Caption-style text data:
Content starts

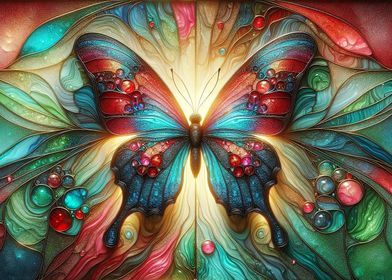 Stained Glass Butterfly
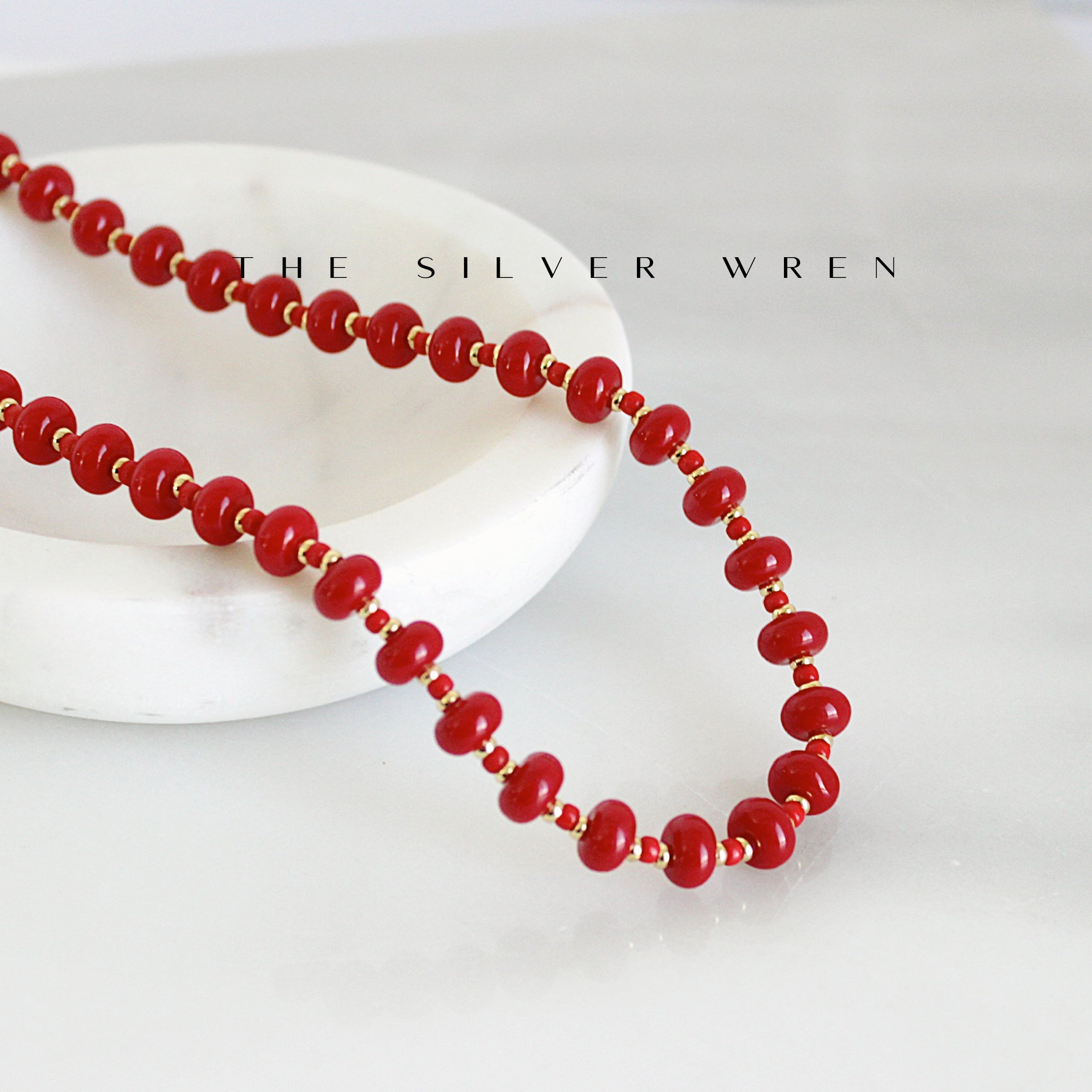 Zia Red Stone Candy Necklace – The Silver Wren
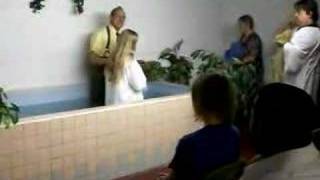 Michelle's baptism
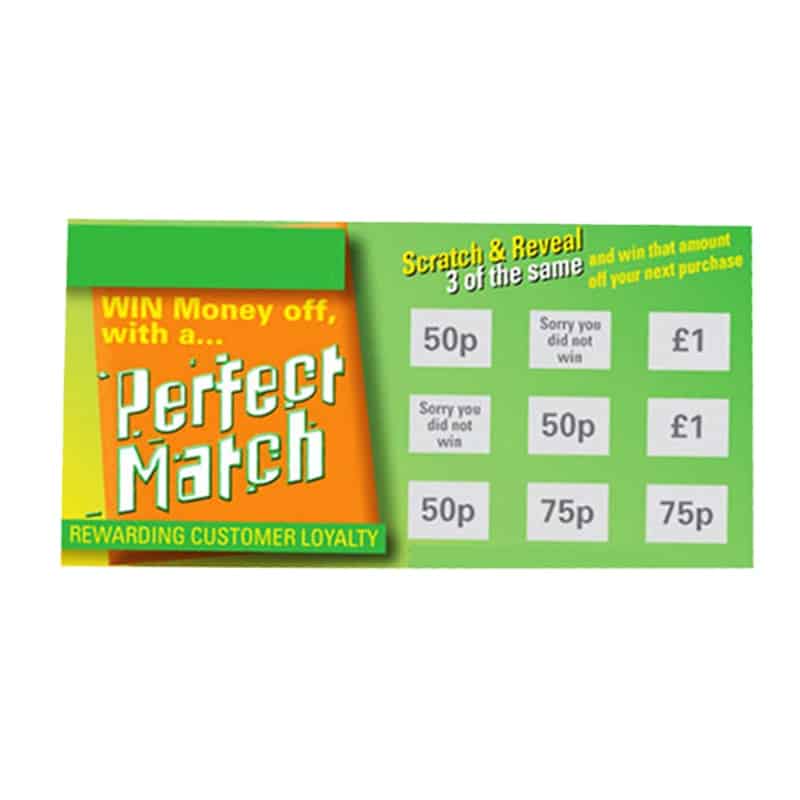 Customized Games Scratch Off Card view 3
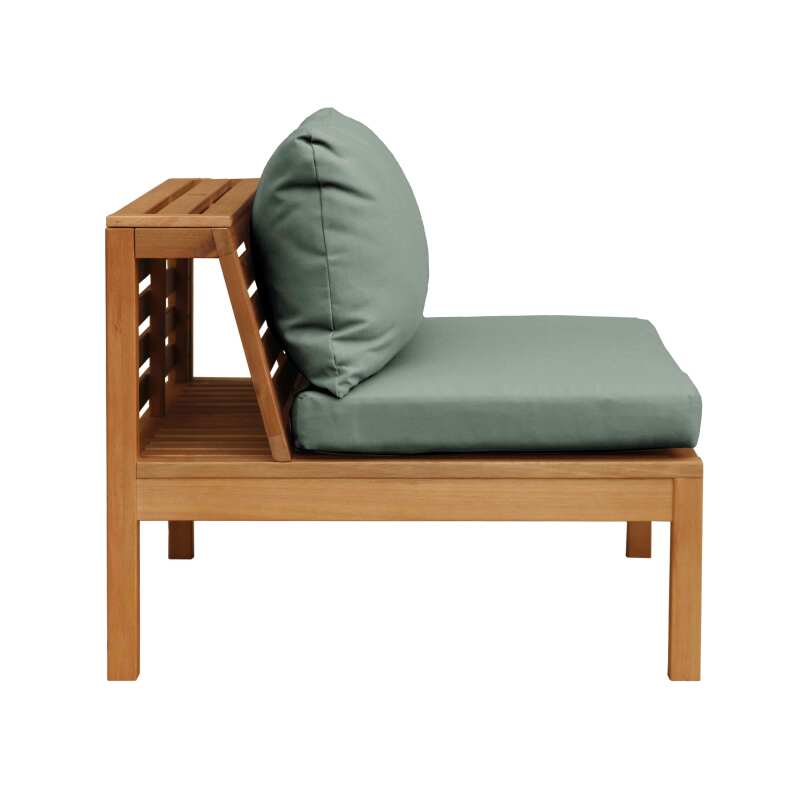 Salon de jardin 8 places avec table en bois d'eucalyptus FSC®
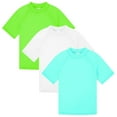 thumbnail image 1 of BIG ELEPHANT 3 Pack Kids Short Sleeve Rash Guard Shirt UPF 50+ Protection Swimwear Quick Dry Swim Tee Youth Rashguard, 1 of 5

Content ends

▶ _What the task asks_: Produce an exact copy of the lines from the line with "Michelle's baptism" through the last line of the data above, both ends included. No pictures belong in it.

▶ _Response_:
 Michelle's baptism
 Customized Games Scratch Off Card view 3
 Salon de jardin 8 places avec table en bois d'eucalyptus FSC®
 thumbnail image 1 of BIG ELEPHANT 3 Pack Kids Short Sleeve Rash Guard Shirt UPF 50+ Protection Swimwear Quick Dry Swim Tee Youth Rashguard, 1 of 5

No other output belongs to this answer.